Mas o que é o humano? O filósofo francês Voltaire, em seu Tratado de Metafísica tenta responder a essa dúvida supondo ser um habitante de Marte ou Júpiter que descendo na terra busca pelo homem:

“Descendo a esse montículo de lama e não tendo maiores noções sobre o homem desembarco no oceano, no país da Cafraria, e começo a procurar um homem. Vejo macacos, elefantes e negros. Todos parecem ter o lampejo de uma razão imperfeita. Uns e outros possuem uma linguagem que não compreendo e todas as suas ações parecem se relacionar com um certo fim. Se julgasse as coisas pelo primeiro efeito que me causam, inclinar-me- ia a crer, inicialmente, que de todos esses seres o elefante é o animal racional. Contudo, para não decidir levianamente tomo os filhotes dessas várias bestas. Examino um filhote de negro de seis meses, um elefantinho, um macaquinho, um leãozinho, um cachorrinho. Vejo, sem poder duvidar, que esses jovens animais possuem mais força, mais destreza, mais idéias, mais paixões, mais memória que o negrinho e que exprimem muito mais sensivelmente todos os seus desejos que ele. Entretanto, ao cabo de um certo tempo, o negrinho possui tantas idéias quanto todos eles. Chego mesmo a perceber que os animais negros possuem entre si uma linguagem mais bem articulada e variada que os outros animais. Tive tempo de aprender tal linguagem e, enfim, de tanto observar o pequeno grau de superioridade que a longo prazo apresentam em relação aos macacos e aos elefantes, arrisco-me a julgar que efetivamente ali está o homem. E forneço a mim mesmo esta definição: o homem é um animal preto que possui lã sobre a cabeça, caminha sobre duas patas, é quase tão destro quanto um símio, é menos forte que os outros animais de seu tamanho, provido de um pouco mais de idéias do que eles e dotado de maior facilidade de expressão (…) Após ter passado certo tempo entre essa espécie, desloco-me rumo às regiões marítimas das Índias Orientais. Surpreendo-me com que vejo: os elefantes, os leões, os macacos e os papagaios não são exatamente como na Cafraria; mas o homem, esse parece-me absolutamente diferente. Agora são homens de um belo tom amarelo, não possuem lã, mas têm a cabeça coberta por grandes crinas negras. Parecem ter sobre as coisas idéias contrárias às dos negros. Sou, portanto, obrigado a mudar minha definição (…) ”

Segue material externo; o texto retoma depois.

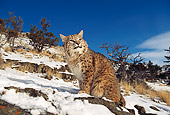 BOB 01 RK0018 01
Bobcat Sitting On Snow Covered Rocks On Hill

Em busca de uma definição do homem, o filósofo nos presenteia com a impossibilidade da definição, de um modelo único do humano. Nossa diversidade é fruto de nossa imersão no universo de representações que criamos socialmente – o da cultura e da linguagem.

Nas interações com os outros que aprendemos o significado dos saberes constituídos: da energia atômica ao som do atrito de cordas de um violino, da faca que corta as tintas que pintam o corpo, das palavras que falam às que calam os sentimentos.

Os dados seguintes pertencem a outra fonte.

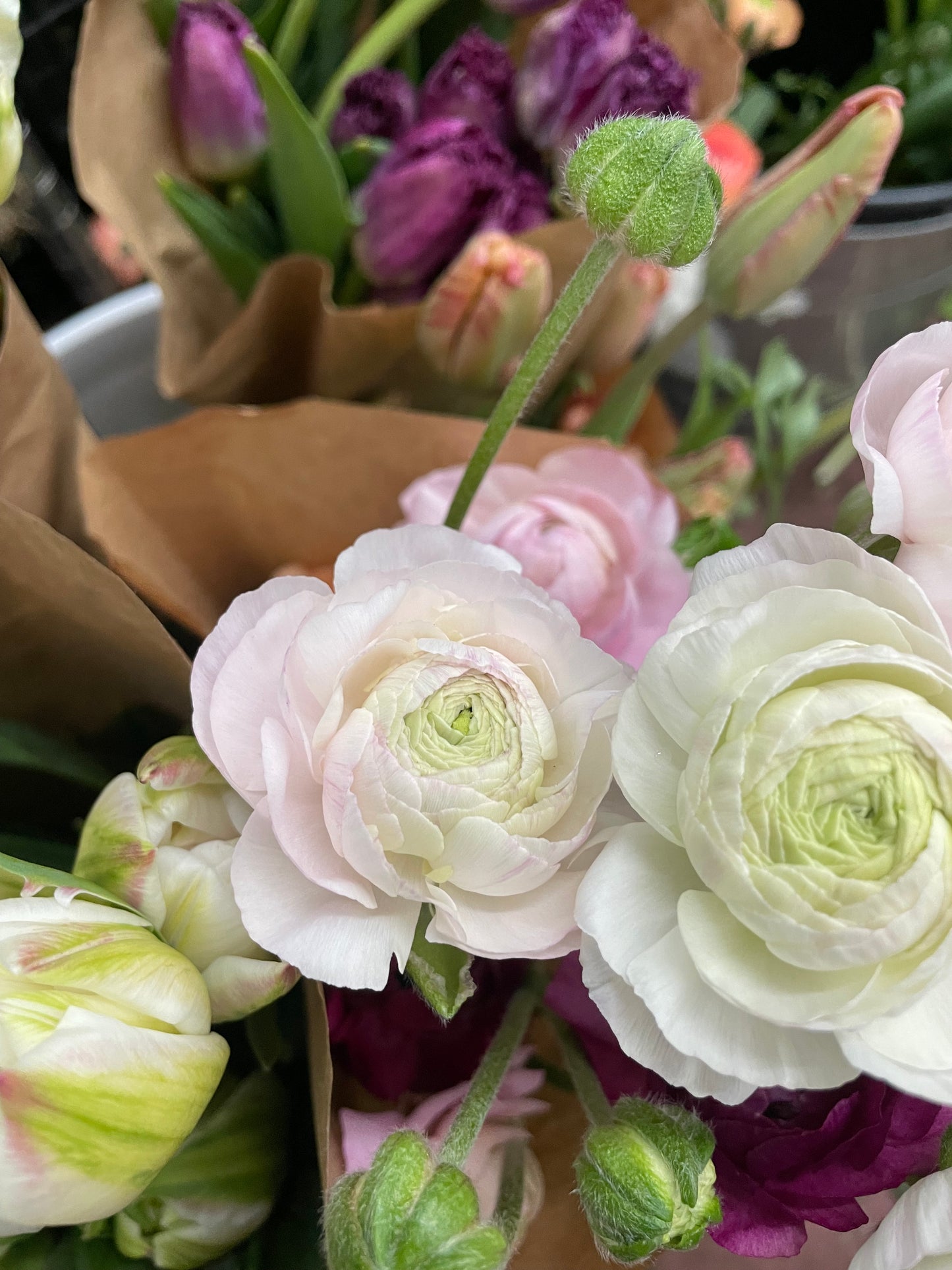 Ranunculus Amandine Chamallow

Machado de Assis, cronista perspicaz, trata com requinte o tema nos apresentando “O espelho – esboço de uma nova teoria da alma humana”, pequeno conto que busca investigar as agruras da essência humana.

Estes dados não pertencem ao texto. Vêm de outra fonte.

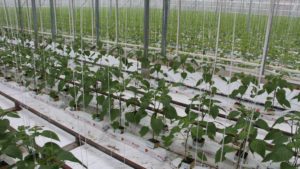 Where You Can Get Training on Protected Growing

No conto, Jacobina, personagem de poucas palavras, é convidado a participar de uma acirrada discussão metafísica sobre a existência da alma. Avesso por princípio aos debates, afirma não apenas a existência da alma humana, mas de duas: uma que olha de dentro para fora; outra que olha de fora para dentro.

A alma exterior poderia ser um espírito, um homem, muitos homens, um objeto, uma operação ou mesmo um simples botão de camisa e tem por ofício transmitir a vida, assim como a interior. Muda de natureza e estado de tal forma que a alma de alguém pode ser, nos primeiros anos, um chocalho ou um cavalinho de pau e, mais tarde, um título em uma associação.
Esta descoberta se deu quando Jacobina com vinte e cinco anos, de família pobre, fora nomeado alferes da guarda nacional. A nomeação causara o orgulho da família e vizinhos e havia conduzido uma tia, que morava em um sítio, a levar o sobrinho e a farda com ela. Jacobina passou a ser chamado de Sr. Alferes pela tia, amigos e escravos. O entusiasmo da tia a leva ao ponto de mandar instalar um grande espelho no quarto do jovem, obra rica e magnífica que destoava do resto da casa.

Os caprichos no tratamento faziam a consciência do homem esmorecer e a do alferes se tornar mais viva. Certo dia, a tia é obrigada a deixá-lo para acudir uma filha doente. Abandonado na solidão graças à fuga dos escravos do sítio, o personagem diante do “cochicho do nada” se entrega ao sono: sonhava estar no meio da família e dos amigos exibindo sua farda. Amigos ofereciam o posto de tenente, capitão, major… Em depressão, sem fome, depois de oito dias, nosso amigo se olha no espelho e não é capaz de ver uma figura inteira, mas uma sombra vaga e esfumaçada. Com medo da loucura, Jacobina tem uma inspiração inexplicável: lembra-se de sua farda. Veste-se, arruma-se e reaparece diante do espelho a figura integral, o ente autômato torna-se novamente animado. O ritual da farda diante do espelho o ajuda a suportar mais seis dias de solidão sem senti-los.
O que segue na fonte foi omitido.